Akan tetapi, realita yang kita temui setiap saat, bertentangan dengan etika dan moral di atas.
Merujuk pada Teologi Natal dari perspektif atau point of view perantau, penulis sering menemui hambatan dalam membangun relasi dengan sesama yang berbeda keyakinan.
Tentunya, perihal ini bukanlah semacam legacy dari penulis untuk memandang orang lain dengan cita rasa skeptis.
Namun, berdasarkan pengalaman penulis ada jurang atau range bersama dengan mereka yang berbeda aliran kepercayaan dalam memandang sesuatu.
Ada yang terlalu fanatik sampai-sampai melupakan esensi atau dasar kehidupan bersama sesuai dengan kelima Sila Pancasila dan UUD 1945.
Meskipun begitu, ada yang open minded tentang indahnya perbedaan.
Rangkaian problematika di atas juga secara eksplisit menggambarkan dangkalnya pikiran.
Ini bukan pleoi atau pembelaan dari penulis. Tapi, ini tentang persoalan dalam kehidupan bersama.

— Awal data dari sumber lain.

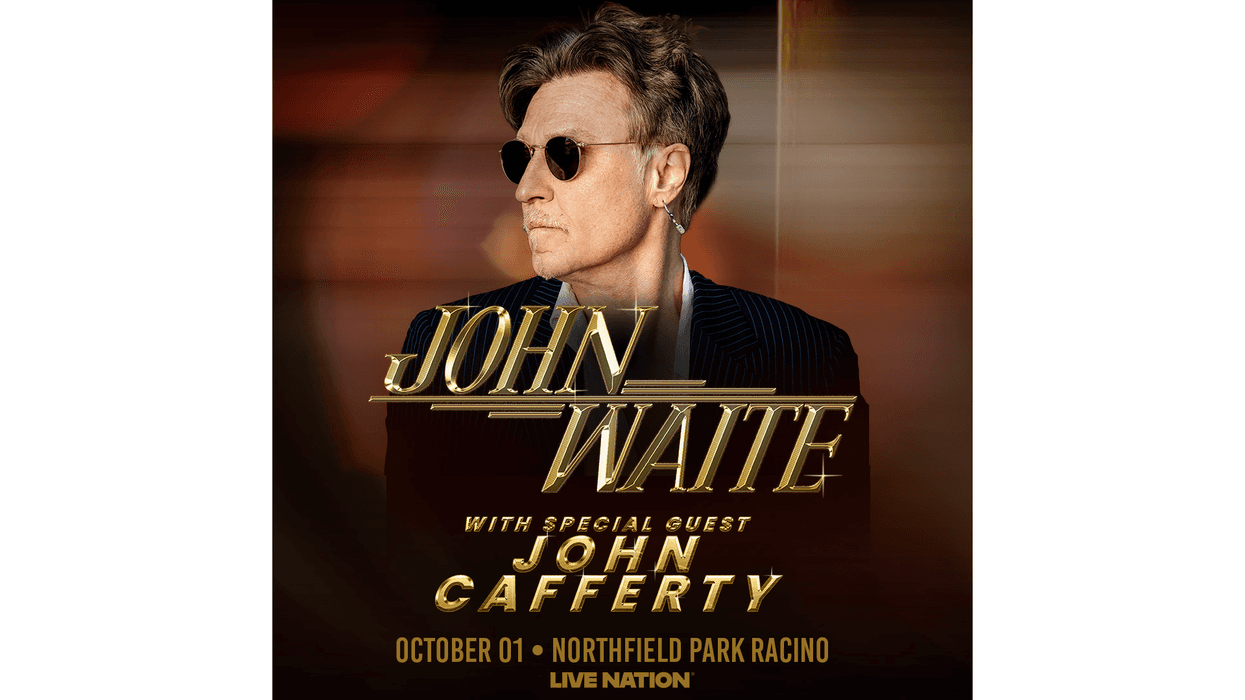 John Waite and special guest John Cafferty concert poster. Oct 1, Northfield Park Racino.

Menakar sajian masalah-masalah sosial di atas, sebagai perantau, penulis pun tak berlebihan mengambil hipotesa seperti berikut!
"Orang fanatik itu karena dangkalnya pikiran dan kurangnya asupan nutrisi tentang bagaimana menjalani hidup bersama mereka yang berbeda keyakinan."
Lebih jauhnya, penulis menyakini, bahwasannya untuk menciptakan lingkungan komunitas yang mampu menghargai komunitas, pertama-tama harus dibangun dari lingkungan keluarga.